Fit Time: 2.395 / Predict Time: 0.141 / Precision: 1.0 / Recall: 0.873 / Accuracy: 0.982


### Gradient Boosting Results

In [10]:
gb = GradientBoostingClassifier(n_estimators=150, max_depth=11)

start = time.time()
rf_model = gb.fit(X_train_vect, y_train)
end = time.time()
fit_time = round(end - start,3)

start = time.time()
y_pred = rf_model.predict(X_test_vect)
end = time.time()
pred_time = round(end - start,3)

precision,recall,fscore,support = score(y_test,y_pred,pos_label='spam',average='binary')
precision_r = round(precision,3)
recall_r = round(recall,3)
accuracy = round((y_pred==y_test).sum()/len(y_pred),3)
print(f"Fit Time: {fit_time} / Predict Time: {pred_time} / Precision: {precision_r} / Recall: {recall_r} / Accuracy: {accuracy}")

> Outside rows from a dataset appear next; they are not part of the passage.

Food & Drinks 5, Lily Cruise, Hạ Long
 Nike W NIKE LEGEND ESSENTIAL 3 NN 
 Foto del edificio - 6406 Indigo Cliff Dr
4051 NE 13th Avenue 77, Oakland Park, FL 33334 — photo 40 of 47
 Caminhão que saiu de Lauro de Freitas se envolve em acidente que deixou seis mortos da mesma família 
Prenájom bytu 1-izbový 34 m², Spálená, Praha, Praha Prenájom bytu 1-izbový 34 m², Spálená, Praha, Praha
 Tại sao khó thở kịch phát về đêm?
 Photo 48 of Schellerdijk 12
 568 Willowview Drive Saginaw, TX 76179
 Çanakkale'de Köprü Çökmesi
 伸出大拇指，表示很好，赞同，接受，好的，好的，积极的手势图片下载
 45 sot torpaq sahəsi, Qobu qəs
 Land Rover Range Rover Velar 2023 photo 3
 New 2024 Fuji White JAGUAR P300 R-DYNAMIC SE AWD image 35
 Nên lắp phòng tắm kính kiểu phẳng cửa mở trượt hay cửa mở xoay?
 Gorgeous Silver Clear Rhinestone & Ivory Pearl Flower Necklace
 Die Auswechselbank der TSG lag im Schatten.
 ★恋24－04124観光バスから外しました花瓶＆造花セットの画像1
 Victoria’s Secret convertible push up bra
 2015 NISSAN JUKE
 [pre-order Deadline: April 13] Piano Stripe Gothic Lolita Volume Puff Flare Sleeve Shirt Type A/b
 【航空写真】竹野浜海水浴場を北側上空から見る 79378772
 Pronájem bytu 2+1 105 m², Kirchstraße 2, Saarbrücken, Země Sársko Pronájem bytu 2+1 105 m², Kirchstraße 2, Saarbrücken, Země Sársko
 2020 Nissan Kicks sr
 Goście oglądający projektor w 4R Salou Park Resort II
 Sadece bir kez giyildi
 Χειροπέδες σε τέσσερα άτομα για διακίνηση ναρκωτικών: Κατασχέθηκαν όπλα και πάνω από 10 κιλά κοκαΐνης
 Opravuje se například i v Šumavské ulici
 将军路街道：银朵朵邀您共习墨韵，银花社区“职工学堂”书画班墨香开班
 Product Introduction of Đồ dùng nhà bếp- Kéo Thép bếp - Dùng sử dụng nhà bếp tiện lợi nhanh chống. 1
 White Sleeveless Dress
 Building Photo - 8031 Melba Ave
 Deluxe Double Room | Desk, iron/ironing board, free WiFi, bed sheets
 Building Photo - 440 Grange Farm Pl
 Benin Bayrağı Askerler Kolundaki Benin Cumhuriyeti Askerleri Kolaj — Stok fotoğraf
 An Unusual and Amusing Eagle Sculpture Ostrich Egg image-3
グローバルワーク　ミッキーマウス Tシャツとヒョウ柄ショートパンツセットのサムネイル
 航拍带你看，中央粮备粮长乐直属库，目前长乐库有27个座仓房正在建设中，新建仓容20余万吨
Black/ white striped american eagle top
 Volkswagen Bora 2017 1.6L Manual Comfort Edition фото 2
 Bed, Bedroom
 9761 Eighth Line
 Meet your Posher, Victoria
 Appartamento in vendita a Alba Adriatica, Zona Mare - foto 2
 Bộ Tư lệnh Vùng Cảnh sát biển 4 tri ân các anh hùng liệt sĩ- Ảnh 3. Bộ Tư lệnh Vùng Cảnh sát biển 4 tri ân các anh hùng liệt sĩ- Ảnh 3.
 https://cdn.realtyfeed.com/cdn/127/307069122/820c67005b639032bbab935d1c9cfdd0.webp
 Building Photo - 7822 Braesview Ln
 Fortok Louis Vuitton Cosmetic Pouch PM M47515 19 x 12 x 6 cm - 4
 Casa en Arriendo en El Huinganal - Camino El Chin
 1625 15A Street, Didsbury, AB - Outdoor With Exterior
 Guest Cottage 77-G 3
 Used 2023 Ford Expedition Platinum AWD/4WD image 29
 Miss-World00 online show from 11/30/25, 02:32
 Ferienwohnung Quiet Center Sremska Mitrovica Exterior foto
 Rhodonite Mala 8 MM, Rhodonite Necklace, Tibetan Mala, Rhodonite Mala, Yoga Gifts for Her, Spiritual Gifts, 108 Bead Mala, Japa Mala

Fit Time: 148.159 / Predict Time: 0.141 / Precision: 0.908 / Recall: 0.88 / Accuracy: 0.97


### Comparing the models:

* Fit Time - Since most time we will fit the model few times and then don't do that again, the fit time is not that critical for these models
* Predict Time - Predict time is more critical since it can create a bottlneck in out Machine Learning Pipeline. Both models have the same results so it doens't matter which one we'll choose
* Precision - Precision is the ability to classify not-spam correctly. We don't want our model to classify real emails as spam so we want high precision. Point for RF
* Recall - Recall is the ability to classify spam correctly. We want this value to be high, but it is ok to allow spam to enter our inbox from time to time. Both results are pretty close so it doesn't matter which one we'll choose
* Accuracy - Accuracy is the ability to classify mails correctly out of all mails we get. Point for RF

### Overall, RF has better prediction both in time and results, so this will be the best model for us.